== WHAT IS EXPECTED ==
The full listing should be written out verbatim, and its images should be dropped.

== RECORDED DATA ==
╔══
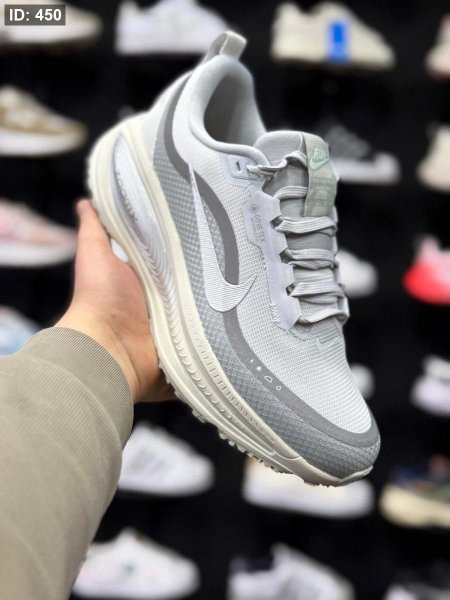 أبيض ورمادي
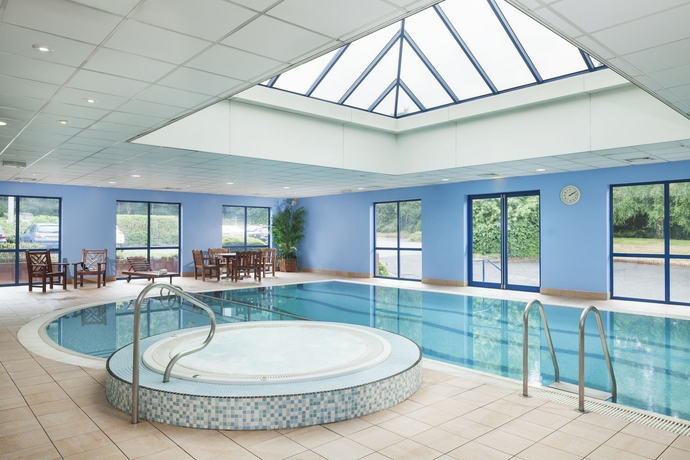 Imagen de la piscina del Hotel Mercure Birmingham West. Foto 16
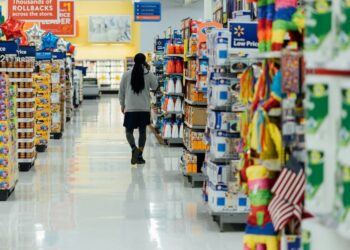 Quanto custa para abrir um mini mercado no Brasil em 2025?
╚══
== EXERCISE ANSWER ==
 أبيض ورمادي
 Imagen de la piscina del Hotel Mercure Birmingham West. Foto 16
 Quanto custa para abrir um mini mercado no Brasil em 2025?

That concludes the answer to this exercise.